Sargent is correct, not the anonymous Blue Dog aides. I know this, because I have the actual numbers. As of Friday, here is where the whip count stood:
Progressive Caucus Whip Count on Robust Public Option
Democrats only, 217 needed for passage
Yes: 183
No: 22
Undecided: 20
Not Whipped: 31
All 22 of the no votes are Blue Dogs. Every single one.
Chris also notes that the whip count wouldn't have included members in leadership positions. Not the Speaker, the Majority Leader, Caucus Chair, etc., and likely not the committee chairs, either. I think that's a pretty astute guess, as is the guess that of these folks, only Steny Hoyer (D-MD-05) is a likely candidate for opposing a robust public option, and frankly that's not even a particularly good bet. Hoyer stands up for the Blue Dogs with fair regularity, but he's a Democratic leader first. Lots of people have good reason to be wary of him, but at bottom, he's just nothing like the dead enders and frequent deviant voters like, say, Walt Minnick (D-ID-01) or Bobby Bright (D-AL-02), both of whom have run up sub-50% party unity scores thus far.

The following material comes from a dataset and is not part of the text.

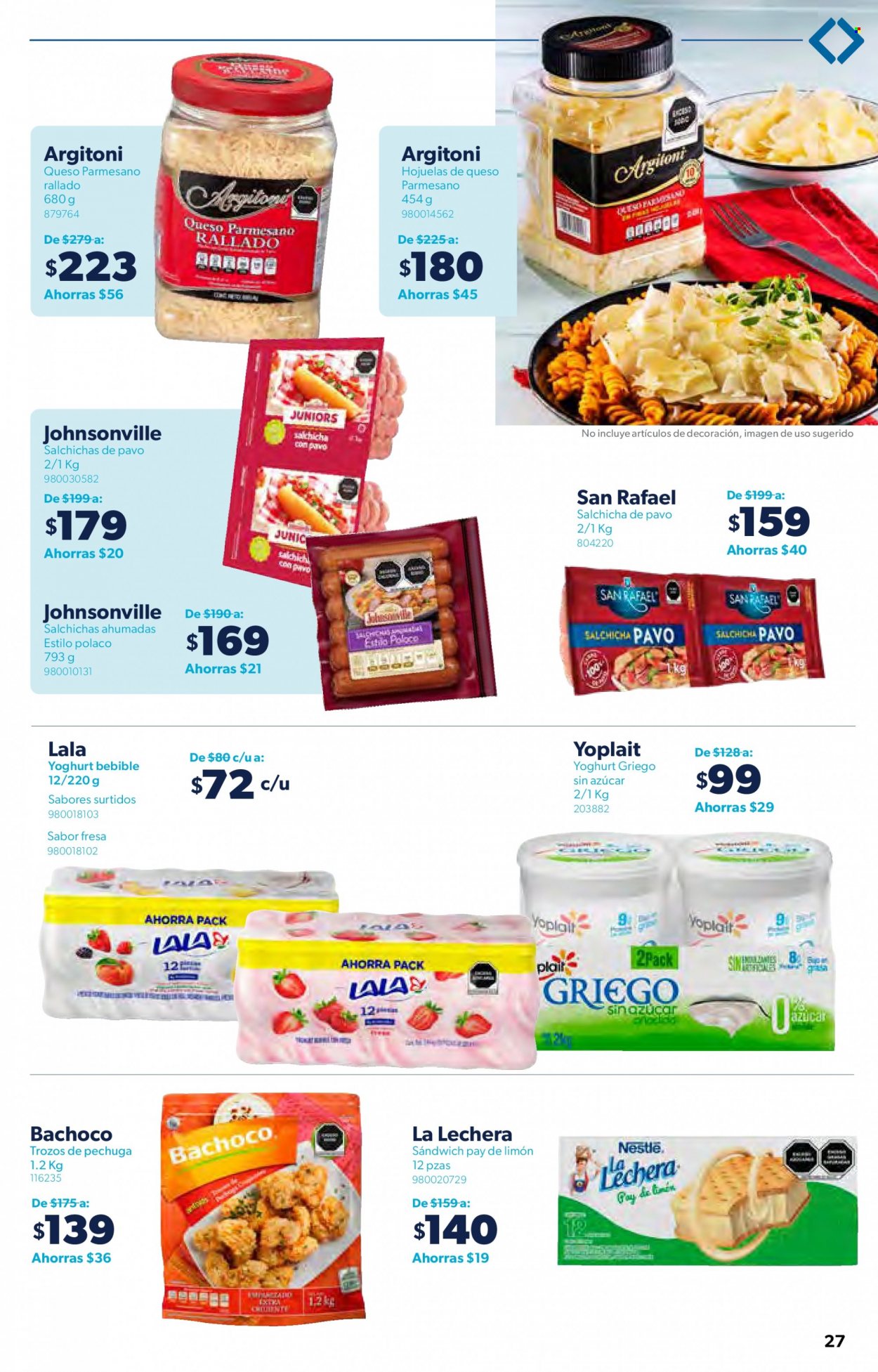 Catálogo Sam's Club - 14.10.2021 - 7.11.2021. Página 27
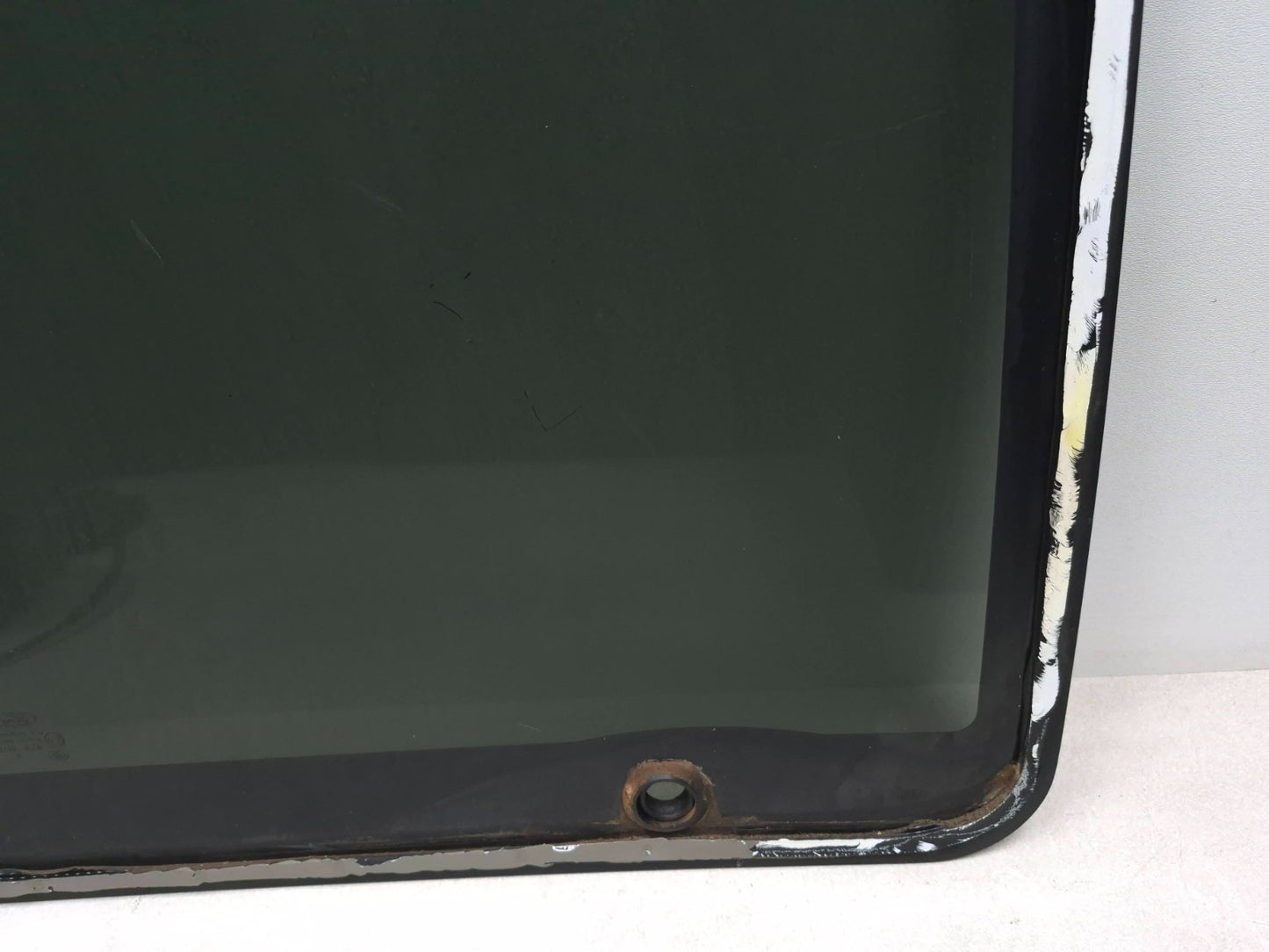2013 Ford Transit Connect Rear Back Door Window Glass Driver Side Left OEM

It's definitely worth noting, as Chris did, that all of the no votes so far are Blue Dogs. No, not all Blue Dogs are voting no. That's quite clear. In fact, though all 22 of the no votes are Blue Dogs, there are 52 members of that coalition. Could all 30 of them be among the 51 not whipped or undecided? We know that's not the case. While there's plenty of wiggle room there, the odds are that firm Blue Dog opposition in terms of this whip count has probably just about topped out. The numbers may change somewhat on the floor, if passage looks secure, as members in marginal districts look for free passes, but these whip count numbers really start to make the idea that House Dems need to bend for the most intransigent of the Blue Dogs fairly ridiculous.
It's imperative that public option supporters in the House remain firm, and remain clear in their demand that a serious public option remain a component of both the House bill and the conference report. The play on the other side -- that is, by conservative Democrats in the Senate -- is and always was likely to be the same one you've seen before, most infamously on the FISA bill in August of 2007. "We don't have the votes in the Senate, so you might as well just pass what we say we can pass, or you'll get nothing."
This kind of bargaining can work both ways, but only if you're holding a credible threat. The weakness of progressives among House Democrats, and of the House versus the Senate, has always been that their threats are not viewed as credible. Only by changing that calculus, as progressives have done over the past few months by insisting that no bill without a serious public option can get their vote, have we made it this far. And only by sending a bill with a serious public option into the expected conference with the Senate that will produce the final version of the bill can there be any hope of it emerging from that conference, and with that, of finally putting the onus on conservative Senate Democrats to prove where they stand when push comes to shove.